Attaque par un Soukhoï-22
Dans son rapport, la commission rejette la thèse défendue par les autorités russes et syriennes selon laquelle le carnage aurait été causé par un bombardement malencontreux sur un hangar d’un groupe armé rebelle où du sarin était stocké. « Si un dépôt de ce genre avait été détruit par une frappe aérienne, l’explosion aurait brûlé la plus grande partie de l’agent [chimique] à l’intérieur du bâtiment, ou bien l’aurait enterré sous les décombres, où il aurait été absorbé, plutôt que d’être relâché dans l’atmosphère dans une quantité aussi importante », affirme le rapport.
Les enquêteurs onusiens font aussi remarquer que le scénario suggéré par Damas et Moscou n’explique pas pourquoi les premières victimes sont apparues au petit matin, bien avant l’horaire de la frappe présumée sur le hangar (11 h 30).

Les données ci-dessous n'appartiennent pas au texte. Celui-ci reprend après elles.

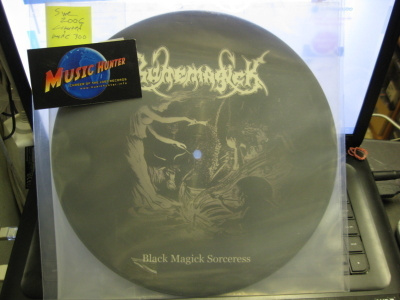 RUNEMAGICK - BLACK MAGICK SORCERESS EX+ LP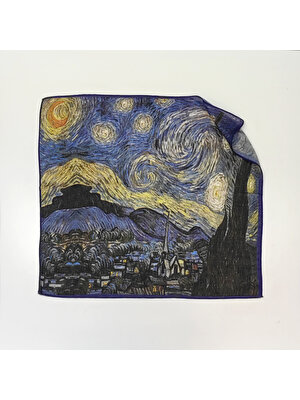 Fular Bandana | Van Gogh Yıldızlı Gece (Starry Night)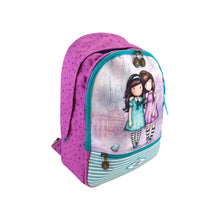 Gorjuss - Sac à Dos Friends  santoro Violet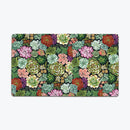 Succulent Plant Pattern Playmat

Les auteurs du rapport précisent qu’à la date de sa finalisation, le représentant de la Syrie au bureau de l’ONU à Genève n’avait pas répondu à leurs questions sur ces allégations.
Pour des raisons de sécurité et parce qu’ils n’ont jamais reçu le feu vert de Damas, les membres de la commission n’ont pas pu se rendre sur place. Mais ils ont interviewé, à distance, ou dans des pays limitrophes de la Syrie, 43 personnes présentes ce jour-là à Khan Cheikhoun (témoins oculaires, blessés et secouristes). Ils ont aussi étudié des images satellites, des photos de débris de bombes, des vidéos tournées sur les lieux du drame, ainsi que des relevés des postes d’alerte avancés de l’opposition. Ces bases de fortune, installées à proximité des aéroports militaires russe et syriens, permettent de prévenir du décollage d’un avion et de la direction approximative prise par celui-ci.

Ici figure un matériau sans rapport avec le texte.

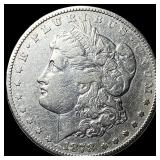 1878-S Silver Morgan Dollar NEARLY UNCIRCULATED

En croisant tous ces éléments, la commission est arrivée à la conclusion que l’attaque au sarin a été conduite à 6 h 45 du matin, par un Soukhoï-22 – un appareil opéré uniquement par l’aviation syrienne – qui a procédé à quatre frappes successives. Trois au moyen de bombes conventionnelles, « probablement de type OFAB-100-120 » et la dernière au moyen d’une bombe chimique.
Sanctions peu probables
Cette mise en accusation de Damas sera sans aucun doute saluée par l’opposition syrienne et ses soutiens arabes et occidentaux, qui, à l’image des Etats-Unis, n’ont souvent pas attendu le rapport de la commission pour incriminer le régime Assad. Mais il est peu probable qu’elle déclenche une saisine du Conseil de sécurité des Nations unies. Les membres de cette instance attendent en effet les conclusions d’une autre enquête, spécialement mandatée par eux, conduite par le Joint Investigative Mechanism (JIM).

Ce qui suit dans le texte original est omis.